On my way there, as I drove into the farming country around Camarillo and Oxnard, I saw a number of fields groomed into brown blankets of bare earth—lying fallow to regenerate their nutrients. I smiled to think that during my own period of rest, my mind was allowed to be fallow—to refill the aquifer, and simply absorb energy to promote new growth. I was trying very hard not to have any ideas. Just a few minutes later, some idle train of thought led me across the phrase “tender years,” and a spark lit up in my mind, “song title!” (Thinking with a dark smile, “You’re not supposed to be doing that yet.”)
“Tender years” refers to youth, typically, but I was struck by the larger application—because all our years are tender, aren’t they?
From first to last.
Finally trudging my way back to Fairyland Point, I was relieved to climb into the car. I cruised easily (in both senses!) down the scenic road once more, thinking I would visit a few viewpoints I hadn’t stopped at the previous day. Along with a few other vehicles, I paused to watch a herd of pronghorns feeding at the roadside. Sometimes wrongly called antelopes, they did display that characteristic delicacy and grace, and I had never seen so many together. “Prongers” had been headed for extinction in the previous century, and in thirty years of traveling America’s backroads by bicycle, motorcyle, and car, I had never seen more than two at a time, and that rarely. Now they were on the rebound, largely thanks to the national parks.
I was still looking for the one overlook I remembered so well from fifteen years ago. I had a hunch it might be the one named after Ebenezer Bryce, so I parked there and walked toward the edge—hobbling at first until my legs unstiffened again. Out on the fenced-in point, I looked out and . . . there it was.
I looked left toward Inspiration Point, and around the indelible scene of what in my mind’s eye I had thought of as the Heavenly Choir. (More frozen music.)
Three boys aged ten to twelve or so, with the clean-cut “whiteness” and sturdy clothing of Mormon children (in Utah, after all), were fooling around on the edge. One of them was kneeling down with his smartphone, then on his elbows, pretending to take “artful” photographs. He directed his two buddies, or brothers, in increasingly bizarre poses, and they all giggled.

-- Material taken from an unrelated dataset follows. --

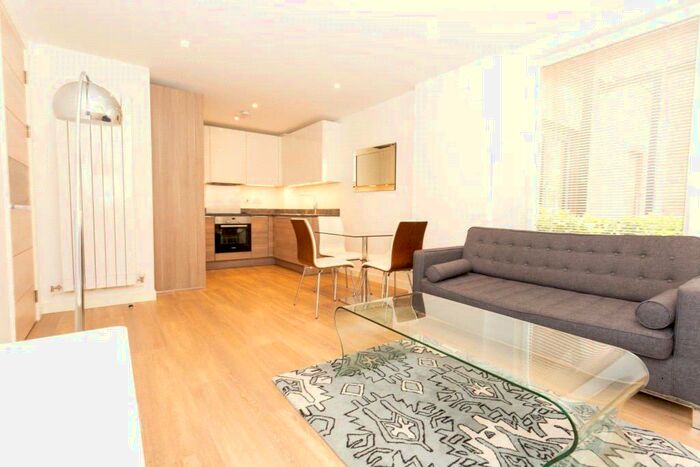 1 Bedroom Apartment To Rent In Royal Victoria Gardens, Whiting Way, Marine Wharf, SE16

With a smile, I held out my camera to him and said, “Could I get you to take one of me, please? You seem to be the photographic expert around here.”
The boy looked down modestly and said, “Aw, I was just foolin’ around.”
I was left smiling to myself and thinking, “No! Really?”
Kids don’t always get grownup humor—I remember.
The boy took my camera and stood back, carefully composing the frame, then took a few shots. He still didn’t seem satisfied, and continuing eyeing the composition, until I said, “Thank you, I’m sure that’s got it.”
I took back my camera, smiling again. Maybe someday that boy will see this and know that he helped me to capture the frozen music.
Early the following morning, at o’dark o’clock, the Ghost Driver loaded his luggage into the frost-covered car, and fired it up. (He had considerately parked away from the rows of motel rooms, knowing he would be leaving at an “antisocial hour.” No DILLIGAF here.)
Headlights on bright, he drove into the cold night, heading for home, feeling good, and watching for deer. Over the mountains on a dark, winding two-lane, then onto the interstate and breakfast at Denny’s in St. George. Down through Vegas and across the wide Mojave, the Vanquish handled it all with alacrity and comfort. A ten-hour drive was no strain in that car, truly a Grand Tourer, and the 1,500 miles had been an absolute joy, as were the fifteen miles of hiking. Altogether, a memorable experience—one of his favorite road trips ever.
Now he was aiming for home, and the following night his wife and daughter would be returning from New York. He wanted to be waiting when they opened the door.